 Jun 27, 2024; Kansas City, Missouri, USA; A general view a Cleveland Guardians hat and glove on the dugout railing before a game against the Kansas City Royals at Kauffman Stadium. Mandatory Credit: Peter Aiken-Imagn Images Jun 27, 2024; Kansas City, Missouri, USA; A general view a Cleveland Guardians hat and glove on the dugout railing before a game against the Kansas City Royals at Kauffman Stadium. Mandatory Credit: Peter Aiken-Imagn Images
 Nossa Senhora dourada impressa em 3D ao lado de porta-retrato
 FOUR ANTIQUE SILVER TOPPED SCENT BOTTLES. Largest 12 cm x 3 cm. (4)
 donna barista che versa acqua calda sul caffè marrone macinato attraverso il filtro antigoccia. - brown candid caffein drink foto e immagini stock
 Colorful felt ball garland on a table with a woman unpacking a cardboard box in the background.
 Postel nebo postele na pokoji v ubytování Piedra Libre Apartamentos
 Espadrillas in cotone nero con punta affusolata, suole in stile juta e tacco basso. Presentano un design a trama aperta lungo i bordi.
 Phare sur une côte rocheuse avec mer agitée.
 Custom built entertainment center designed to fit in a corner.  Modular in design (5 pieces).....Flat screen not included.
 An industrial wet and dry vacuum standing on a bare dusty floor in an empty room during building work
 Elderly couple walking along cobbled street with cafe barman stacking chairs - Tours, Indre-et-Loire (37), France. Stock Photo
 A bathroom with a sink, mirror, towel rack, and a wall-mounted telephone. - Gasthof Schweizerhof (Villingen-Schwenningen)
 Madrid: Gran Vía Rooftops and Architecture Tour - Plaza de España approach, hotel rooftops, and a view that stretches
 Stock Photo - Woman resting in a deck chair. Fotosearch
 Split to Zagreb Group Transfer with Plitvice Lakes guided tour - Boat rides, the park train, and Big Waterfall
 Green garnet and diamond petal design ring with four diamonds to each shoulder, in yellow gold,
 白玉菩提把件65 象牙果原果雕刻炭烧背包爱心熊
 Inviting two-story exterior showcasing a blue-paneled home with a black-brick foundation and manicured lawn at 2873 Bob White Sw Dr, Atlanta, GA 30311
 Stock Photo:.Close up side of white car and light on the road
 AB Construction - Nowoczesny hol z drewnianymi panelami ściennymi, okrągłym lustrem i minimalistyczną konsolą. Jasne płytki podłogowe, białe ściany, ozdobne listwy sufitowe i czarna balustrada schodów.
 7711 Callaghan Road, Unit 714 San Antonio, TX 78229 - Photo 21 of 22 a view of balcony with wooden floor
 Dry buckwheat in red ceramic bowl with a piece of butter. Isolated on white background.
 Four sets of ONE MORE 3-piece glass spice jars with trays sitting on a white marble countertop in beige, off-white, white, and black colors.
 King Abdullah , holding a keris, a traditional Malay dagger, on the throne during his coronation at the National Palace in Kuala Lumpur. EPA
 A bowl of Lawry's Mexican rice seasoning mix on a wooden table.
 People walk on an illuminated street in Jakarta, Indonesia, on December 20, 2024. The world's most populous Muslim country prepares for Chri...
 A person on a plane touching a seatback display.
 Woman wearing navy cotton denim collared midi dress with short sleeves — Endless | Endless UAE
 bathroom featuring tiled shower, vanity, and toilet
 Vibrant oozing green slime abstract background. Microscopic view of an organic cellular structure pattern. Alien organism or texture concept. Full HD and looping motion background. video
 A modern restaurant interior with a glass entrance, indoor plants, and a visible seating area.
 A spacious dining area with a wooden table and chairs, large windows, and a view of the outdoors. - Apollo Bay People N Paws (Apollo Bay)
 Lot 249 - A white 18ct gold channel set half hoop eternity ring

··········

§ PROBLEM TO SOLVE:
Your task is to restate, word for word, the lines from the beginning of the records to the line with "A bathroom with", inclusive.

§ SOLUTION FOR THIS TASK:
 Jun 27, 2024; Kansas City, Missouri, USA; A general view a Cleveland Guardians hat and glove on the dugout railing before a game against the Kansas City Royals at Kauffman Stadium. Mandatory Credit: Peter Aiken-Imagn Images Jun 27, 2024; Kansas City, Missouri, USA; A general view a Cleveland Guardians hat and glove on the dugout railing before a game against the Kansas City Royals at Kauffman Stadium. Mandatory Credit: Peter Aiken-Imagn Images
 Nossa Senhora dourada impressa em 3D ao lado de porta-retrato
 FOUR ANTIQUE SILVER TOPPED SCENT BOTTLES. Largest 12 cm x 3 cm. (4)
 donna barista che versa acqua calda sul caffè marrone macinato attraverso il filtro antigoccia. - brown candid caffein drink foto e immagini stock
 Colorful felt ball garland on a table with a woman unpacking a cardboard box in the background.
 Postel nebo postele na pokoji v ubytování Piedra Libre Apartamentos
 Espadrillas in cotone nero con punta affusolata, suole in stile juta e tacco basso. Presentano un design a trama aperta lungo i bordi.
 Phare sur une côte rocheuse avec mer agitée.
 Custom built entertainment center designed to fit in a corner.  Modular in design (5 pieces).....Flat screen not included.
 An industrial wet and dry vacuum standing on a bare dusty floor in an empty room during building work
 Elderly couple walking along cobbled street with cafe barman stacking chairs - Tours, Indre-et-Loire (37), France. Stock Photo
 A bathroom with a sink, mirror, towel rack, and a wall-mounted telephone. - Gasthof Schweizerhof (Villingen-Schwenningen)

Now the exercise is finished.